In full and word for word, copy the listing; no pictures belong in the copy.
-- Data block follows --
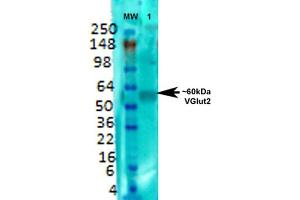 Image no. 1 for anti-Solute Carrier Family 17 (Vesicular Glutamate Transporter), Member 6 (SLC17A6) (AA 501-582) antibody (FITC) (ABIN2483744)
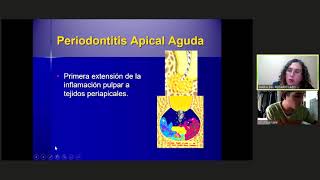 Periodontitis Apical AgudaAbsceso Fenix PART 1 [upl. by Ailesor436]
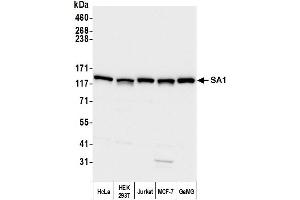 anti-Stromal Antigen 1 (STAG1) (AA 1150-1200) antibody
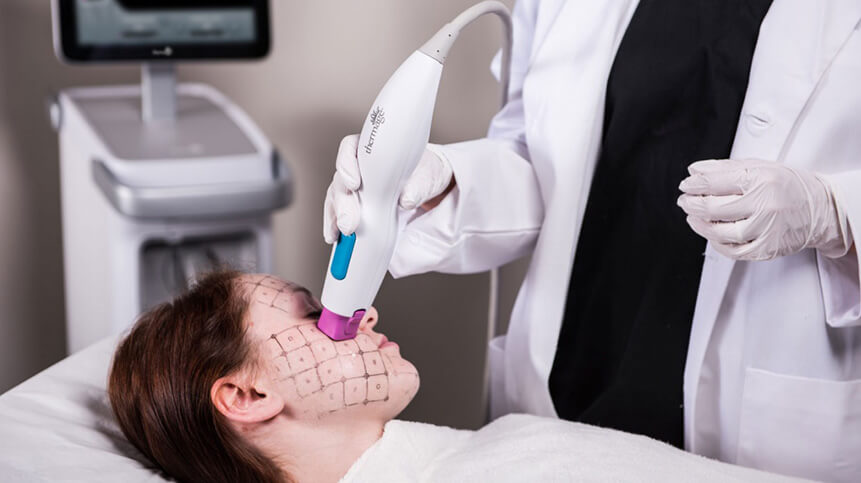 Thermage® FLX Skin Tightening in Vancouver 2 Thermage® FLX Skin Tightening Vancouver | EverYoung Skin Clinic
-- Data block concluded --
**Reply:**
 Image no. 1 for anti-Solute Carrier Family 17 (Vesicular Glutamate Transporter), Member 6 (SLC17A6) (AA 501-582) antibody (FITC) (ABIN2483744)
 Periodontitis Apical AgudaAbsceso Fenix PART 1 [upl. by Ailesor436]
 anti-Stromal Antigen 1 (STAG1) (AA 1150-1200) antibody
 Thermage® FLX Skin Tightening in Vancouver 2 Thermage® FLX Skin Tightening Vancouver | EverYoung Skin Clinic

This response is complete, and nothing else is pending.